__PROBLEM TO WORK ON__.
Once you find the line with "Trabzon'da heyelan ve", copy it and every line after it through the end of the entries below, exactly as written.

Excerpts from a dataset:
[Start of section]

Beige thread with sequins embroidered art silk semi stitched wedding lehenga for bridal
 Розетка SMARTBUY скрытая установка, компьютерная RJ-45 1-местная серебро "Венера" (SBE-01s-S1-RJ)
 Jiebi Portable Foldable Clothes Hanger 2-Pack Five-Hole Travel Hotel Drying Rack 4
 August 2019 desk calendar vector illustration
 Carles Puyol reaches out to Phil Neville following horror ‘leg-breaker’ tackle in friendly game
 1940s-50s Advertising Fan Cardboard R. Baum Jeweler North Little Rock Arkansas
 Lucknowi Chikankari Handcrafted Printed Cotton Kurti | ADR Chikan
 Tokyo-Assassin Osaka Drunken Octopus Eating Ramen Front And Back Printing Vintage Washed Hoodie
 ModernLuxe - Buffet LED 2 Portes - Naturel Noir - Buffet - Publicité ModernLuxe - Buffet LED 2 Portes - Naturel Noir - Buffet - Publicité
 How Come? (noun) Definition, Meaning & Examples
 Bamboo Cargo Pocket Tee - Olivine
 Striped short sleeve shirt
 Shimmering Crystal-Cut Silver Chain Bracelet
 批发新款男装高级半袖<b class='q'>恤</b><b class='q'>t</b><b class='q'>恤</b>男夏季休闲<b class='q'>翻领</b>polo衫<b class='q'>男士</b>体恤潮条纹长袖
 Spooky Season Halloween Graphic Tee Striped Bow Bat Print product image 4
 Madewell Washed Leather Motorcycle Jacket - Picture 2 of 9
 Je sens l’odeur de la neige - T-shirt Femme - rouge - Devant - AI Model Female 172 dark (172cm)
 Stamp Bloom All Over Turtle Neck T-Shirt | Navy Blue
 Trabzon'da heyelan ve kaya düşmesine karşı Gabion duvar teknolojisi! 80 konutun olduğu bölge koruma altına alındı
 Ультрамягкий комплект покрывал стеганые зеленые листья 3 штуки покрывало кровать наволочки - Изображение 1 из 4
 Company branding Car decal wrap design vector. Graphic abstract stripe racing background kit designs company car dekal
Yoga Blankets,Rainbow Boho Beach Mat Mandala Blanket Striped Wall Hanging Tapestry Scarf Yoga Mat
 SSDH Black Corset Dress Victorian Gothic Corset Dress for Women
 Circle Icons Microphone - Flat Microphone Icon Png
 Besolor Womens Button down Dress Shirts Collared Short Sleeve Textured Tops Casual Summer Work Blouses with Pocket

[End of section]

__RESPONSE TO THE TASK__.
 Trabzon'da heyelan ve kaya düşmesine karşı Gabion duvar teknolojisi! 80 konutun olduğu bölge koruma altına alındı
 Ультрамягкий комплект покрывал стеганые зеленые листья 3 штуки покрывало кровать наволочки - Изображение 1 из 4
 Company branding Car decal wrap design vector. Graphic abstract stripe racing background kit designs company car dekal
Yoga Blankets,Rainbow Boho Beach Mat Mandala Blanket Striped Wall Hanging Tapestry Scarf Yoga Mat
 SSDH Black Corset Dress Victorian Gothic Corset Dress for Women
 Circle Icons Microphone - Flat Microphone Icon Png
 Besolor Womens Button down Dress Shirts Collared Short Sleeve Textured Tops Casual Summer Work Blouses with Pocket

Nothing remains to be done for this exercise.